• Task item: Extract the records in full, leaving every picture out.

-.-.-

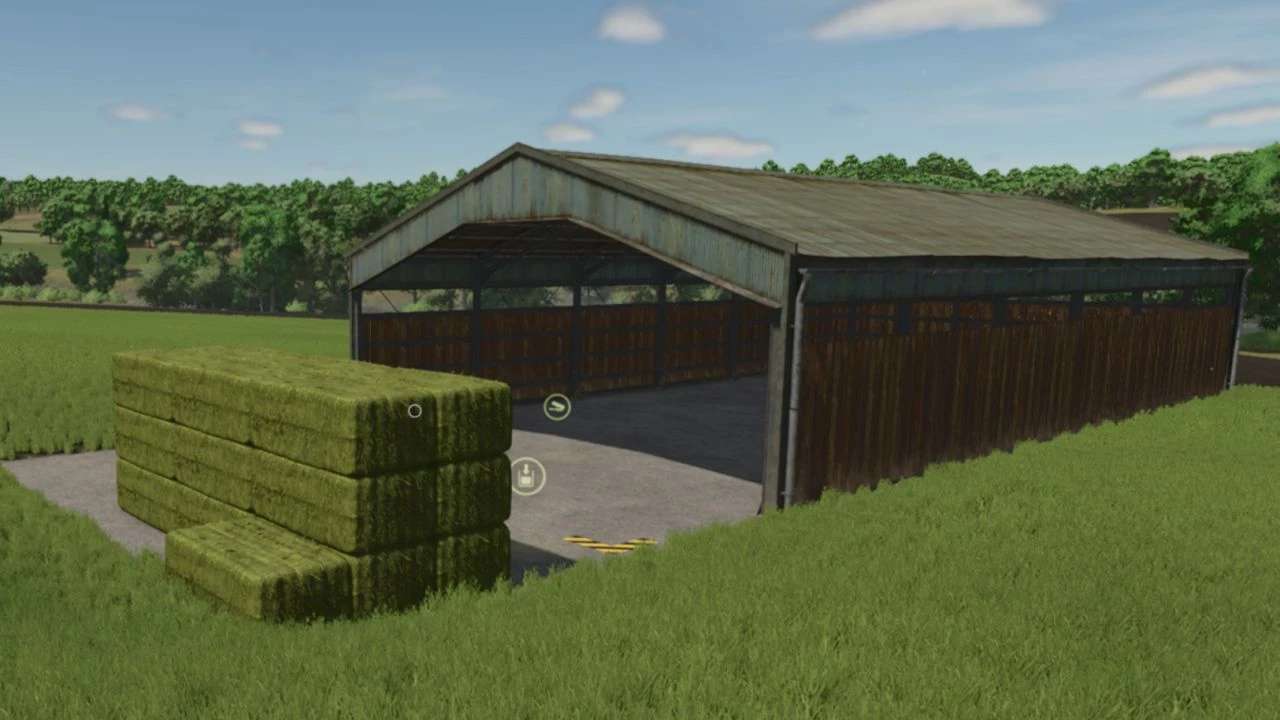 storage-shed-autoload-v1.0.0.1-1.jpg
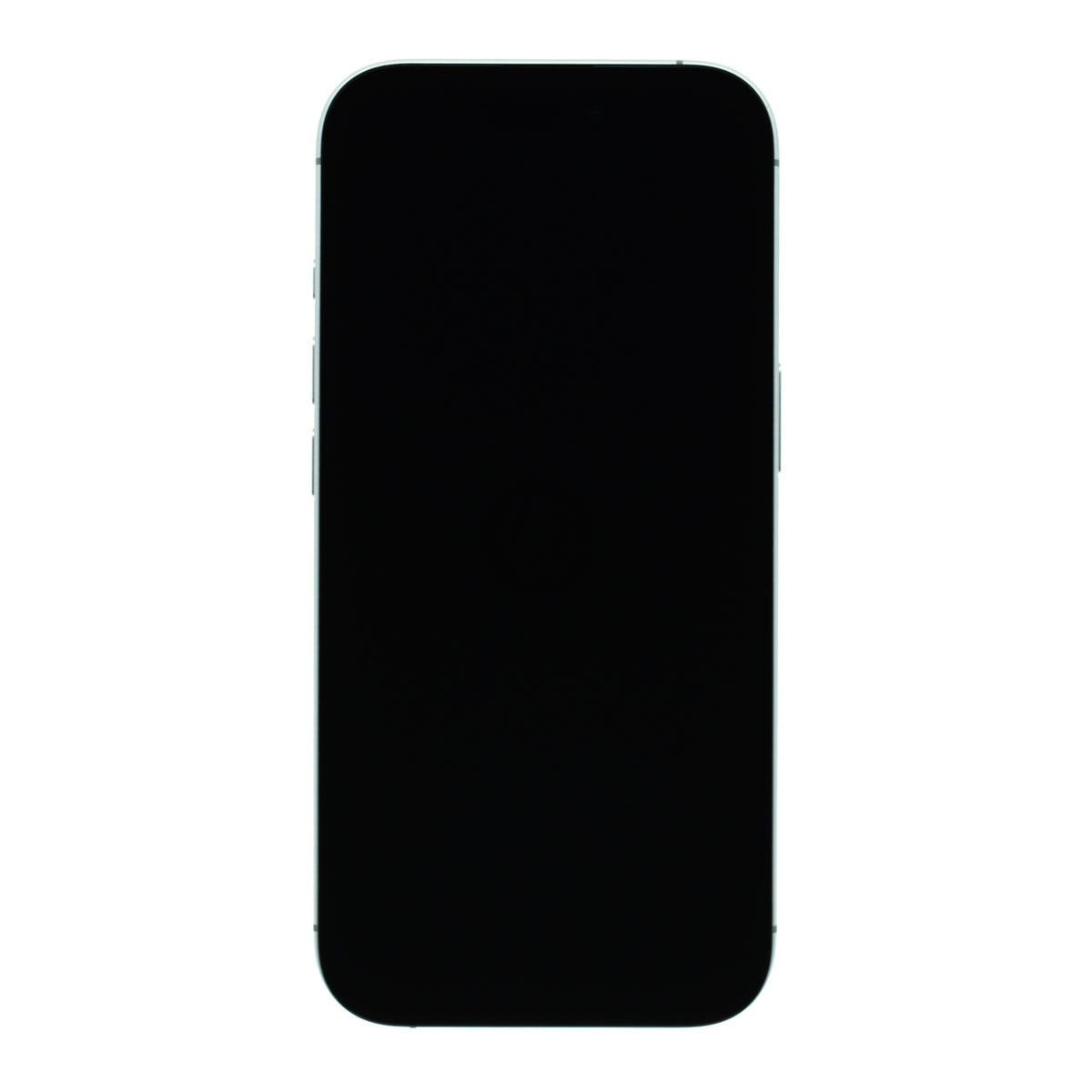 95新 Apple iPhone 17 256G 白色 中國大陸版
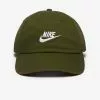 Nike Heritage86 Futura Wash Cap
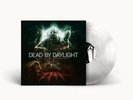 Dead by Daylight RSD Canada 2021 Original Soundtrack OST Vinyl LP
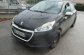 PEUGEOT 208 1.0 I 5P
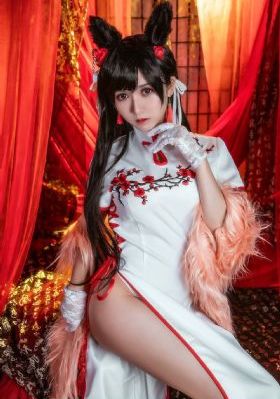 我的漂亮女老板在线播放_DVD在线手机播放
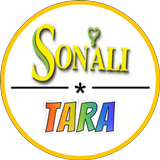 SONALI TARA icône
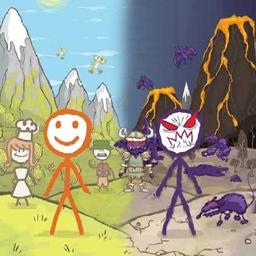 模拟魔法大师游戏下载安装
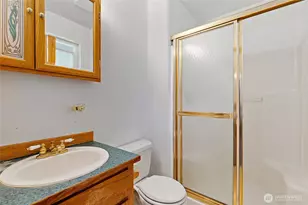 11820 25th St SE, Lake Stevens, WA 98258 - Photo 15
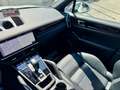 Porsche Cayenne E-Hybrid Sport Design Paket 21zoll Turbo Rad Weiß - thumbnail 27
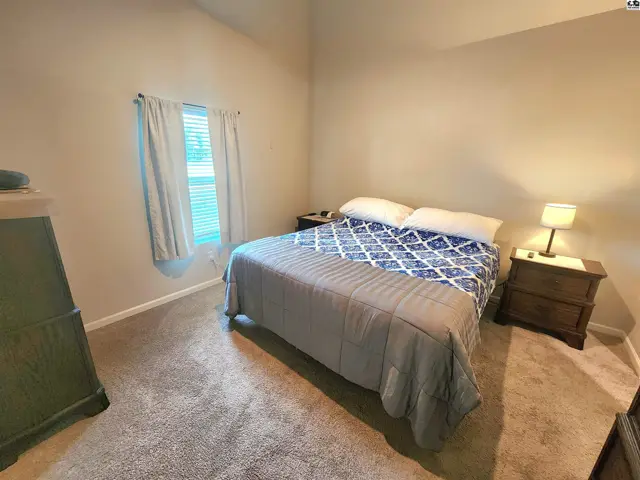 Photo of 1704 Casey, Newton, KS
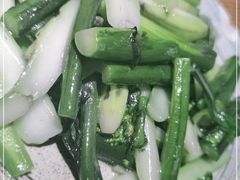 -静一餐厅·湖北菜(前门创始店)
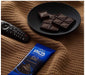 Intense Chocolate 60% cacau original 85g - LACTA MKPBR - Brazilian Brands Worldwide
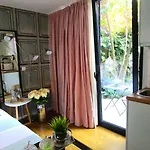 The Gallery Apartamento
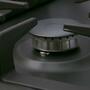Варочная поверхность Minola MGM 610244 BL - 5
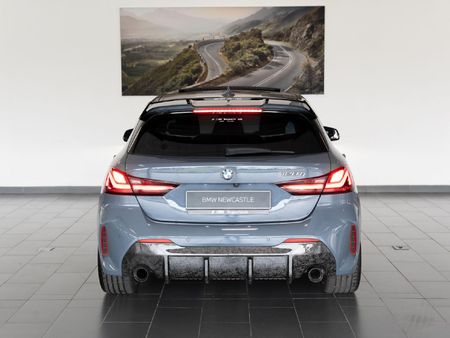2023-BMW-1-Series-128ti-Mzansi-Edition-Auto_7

-.-.-

• Your solution:
 storage-shed-autoload-v1.0.0.1-1.jpg
 95新 Apple iPhone 17 256G 白色 中國大陸版
 Nike Heritage86 Futura Wash Cap
 Dead by Daylight RSD Canada 2021 Original Soundtrack OST Vinyl LP
 PEUGEOT 208 1.0 I 5P
 我的漂亮女老板在线播放_DVD在线手机播放
 SONALI TARA icône
 模拟魔法大师游戏下载安装
 11820 25th St SE, Lake Stevens, WA 98258 - Photo 15
 Porsche Cayenne E-Hybrid Sport Design Paket 21zoll Turbo Rad Weiß - thumbnail 27
 Photo of 1704 Casey, Newton, KS
 -静一餐厅·湖北菜(前门创始店)
 Intense Chocolate 60% cacau original 85g - LACTA MKPBR - Brazilian Brands Worldwide
 The Gallery Apartamento
Варочная поверхность Minola MGM 610244 BL - 5
2023-BMW-1-Series-128ti-Mzansi-Edition-Auto_7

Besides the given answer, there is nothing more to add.